Lando Norris has been hit with a five-place grid penalty for ignoring yellow flags during Q1 for the Turkish Grand Prix.
The McLaren driver, who turned 21 on Friday practice day, was shown no birthday weekend leniency by the stewards who dropped him from P11 to P16 on the grid.
The indiscretion occurred during a chaotic qualifying session for the first Formula 1 race to be held in Istanbul since 2011, on a wet track that had been newly-resurfaced and made conditions treacherously slippery.
Heavy rain meant Q1 was red-flagged with just under seven minutes remaining. When it resumed, cars were spinning all over the circuit and Nicholas Latifi ‘beached’ his Williams in the gravel to bring out double waved yellow flags just as most drivers were on their final flying laps, trying to make the cut for Q2.
But while Haas driver Kevin Magnussen, who was eliminated, claimed a number of rivals had failed to back off under the yellow flags, the stewards singled out only Norris and shock pole-sitter Lance Stroll for investigation.
Although Stroll was cleared, Norris was found guilty and became the second McLaren driver to fall foul of the stewards as his team-mate Carlos Sainz incurred a three-place grid drop for impeding Sergio Perez.

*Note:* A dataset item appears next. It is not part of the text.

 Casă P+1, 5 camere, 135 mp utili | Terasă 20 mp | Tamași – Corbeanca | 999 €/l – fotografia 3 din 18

The stewards’ statement on the Norris incident read: “Car 4 approached turn 8, which was under double waved yellow flags for Car 6 (Latifi). Telemetry shows that Car 4 slowed in the sector and resumed speed after the incident.
“Car 4 then asked his team if he should abort the lap, but was told to stay out because of the rapidly changing track conditions.
“Car 4 completed the lap, which turned out to be his fastest lap of Q1.
“While the stewards acknowledge that Car 4 was not attempting to set a quick lap time, due to the changing track conditions he nevertheless did so and thereby breached the referenced regulations.”
Norris was also given three penalty points, which brings him to a total of five within the current 12-month period.
Of his session as a whole, Norris said: “Today was too tricky for us to put the lap time in. It’s like trying to drive with your windscreen wipers off when it’s pouring with rain and you’re driving down a tight, narrow street with people everywhere.
“The cameras don’t do it justice in terms of how difficult it becomes to drive. When it gets too wet, as it was in Q1, these cars aren’t made to be driven like that.”